--- INFORMATION SHOWN ---
==*==

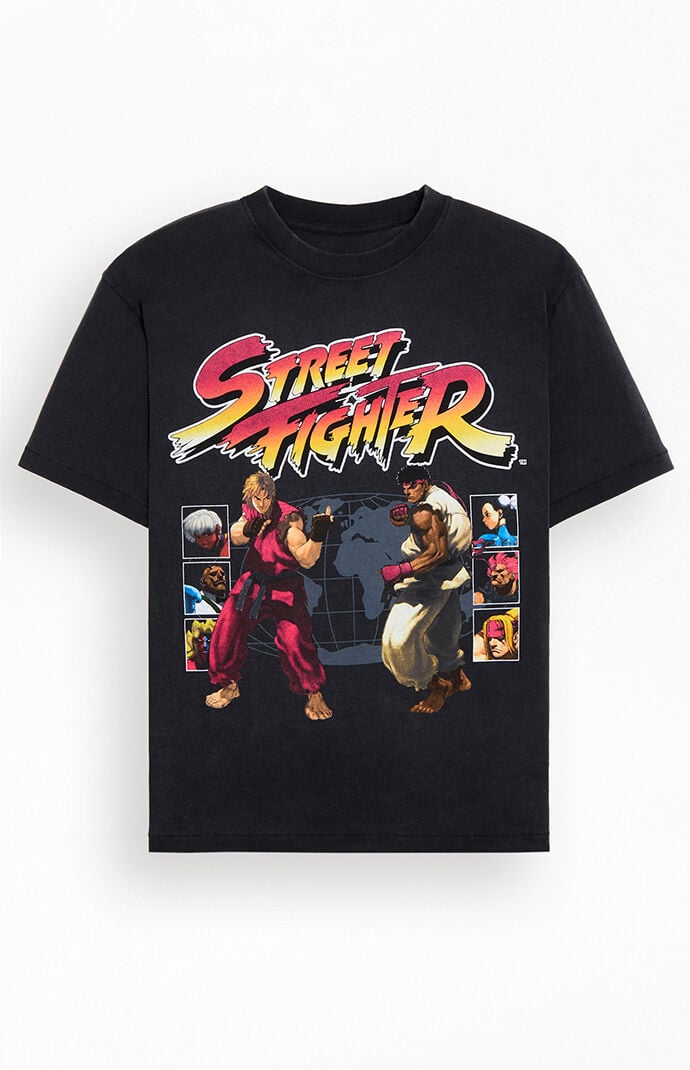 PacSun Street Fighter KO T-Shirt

==*==

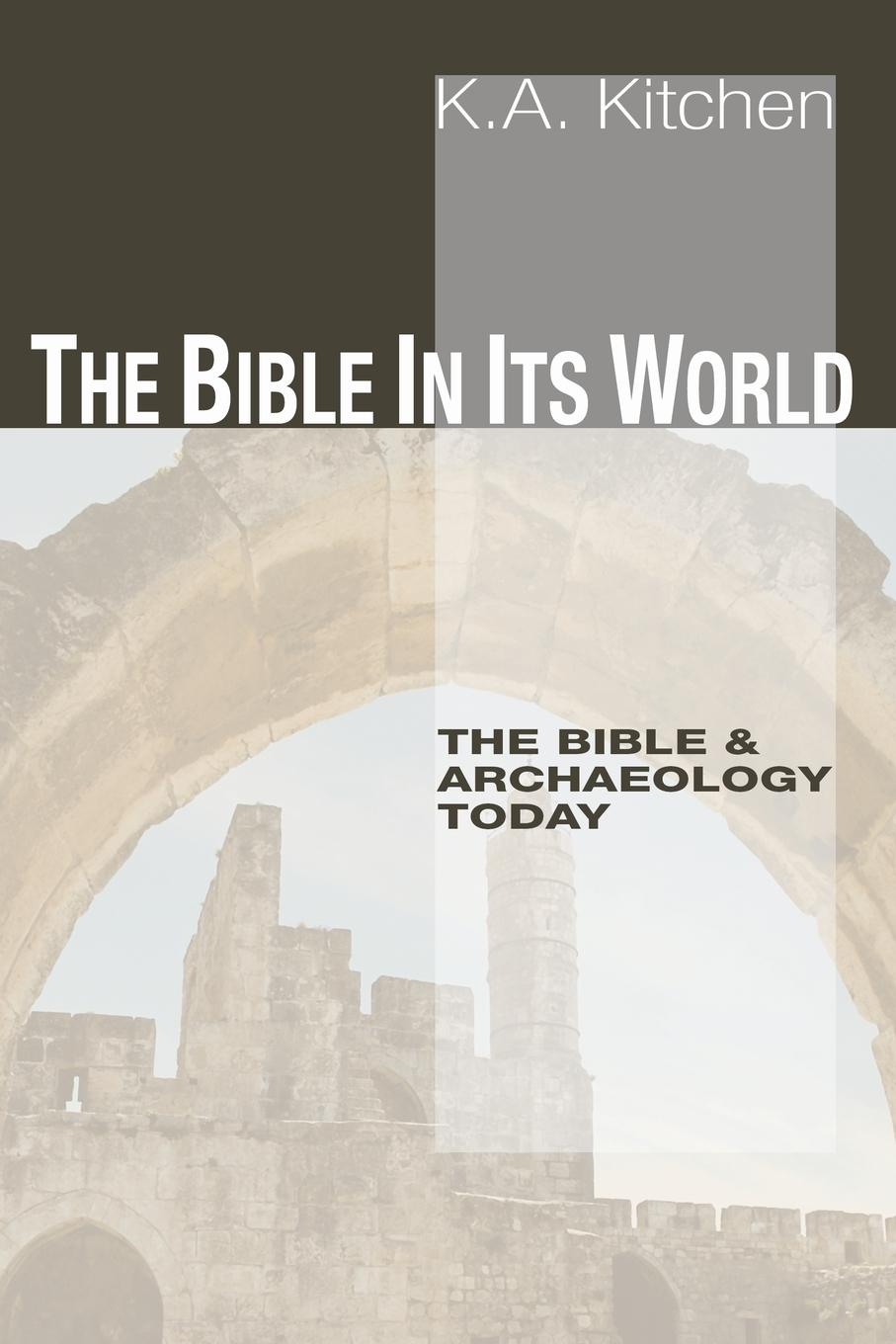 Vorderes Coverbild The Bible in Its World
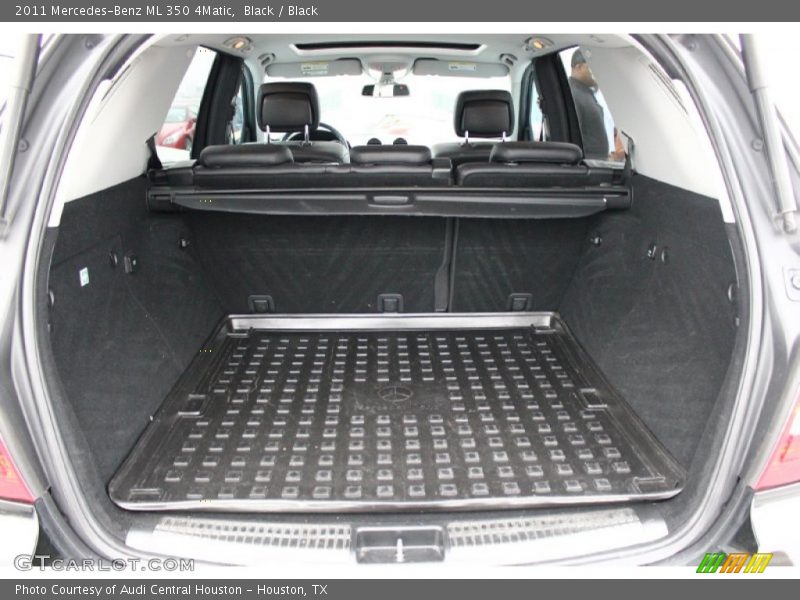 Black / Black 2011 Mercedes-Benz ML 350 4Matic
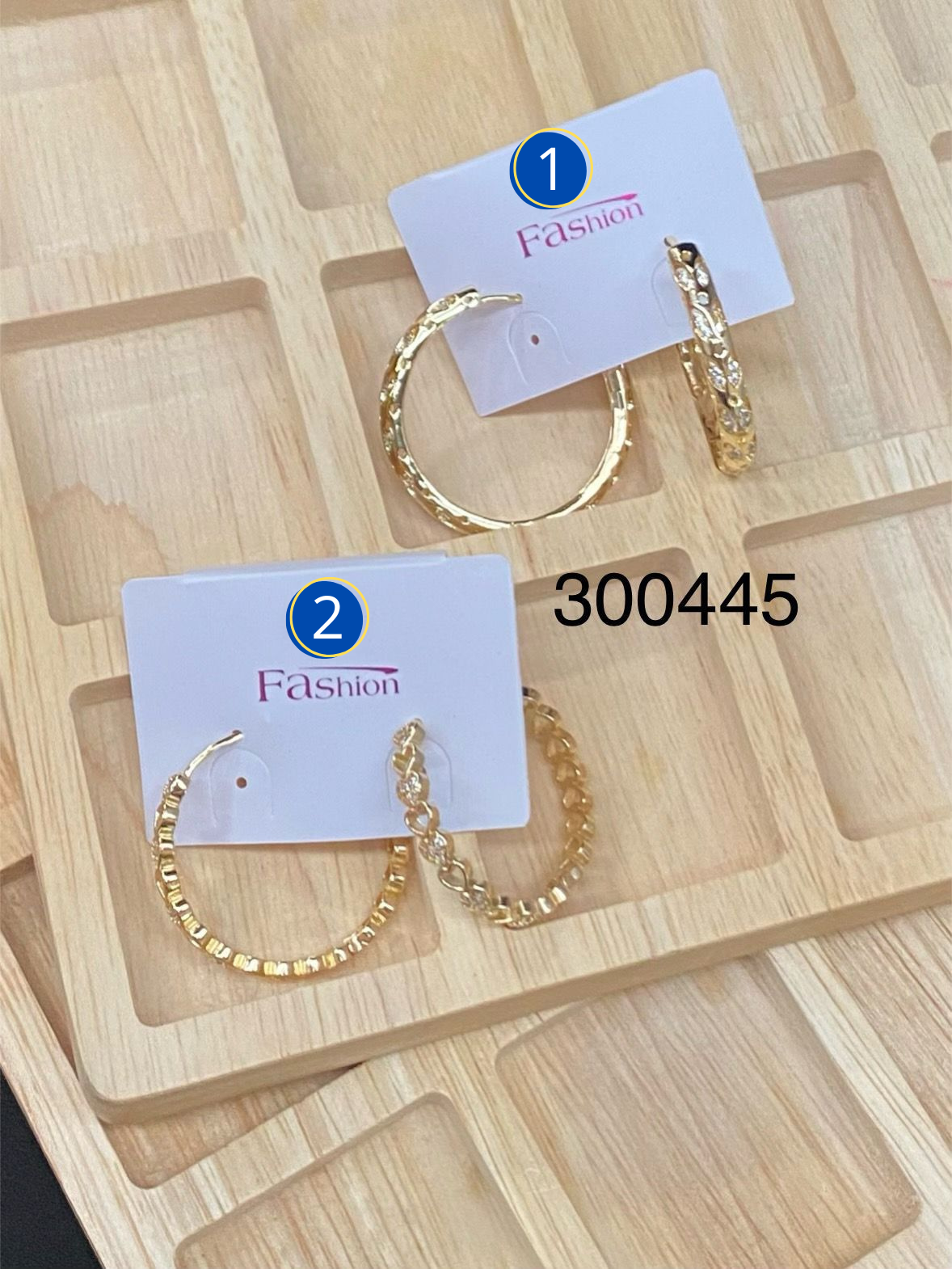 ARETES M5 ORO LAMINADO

==*==

--- TASK ---
Using the data above, retype exactly the lines from the line with "Black / Black" to the line with "ARETES M5 ORO LAMINADO", inclusive. No pictures and nothing else.

--- ANSWER AREA ---
 Black / Black 2011 Mercedes-Benz ML 350 4Matic
 ARETES M5 ORO LAMINADO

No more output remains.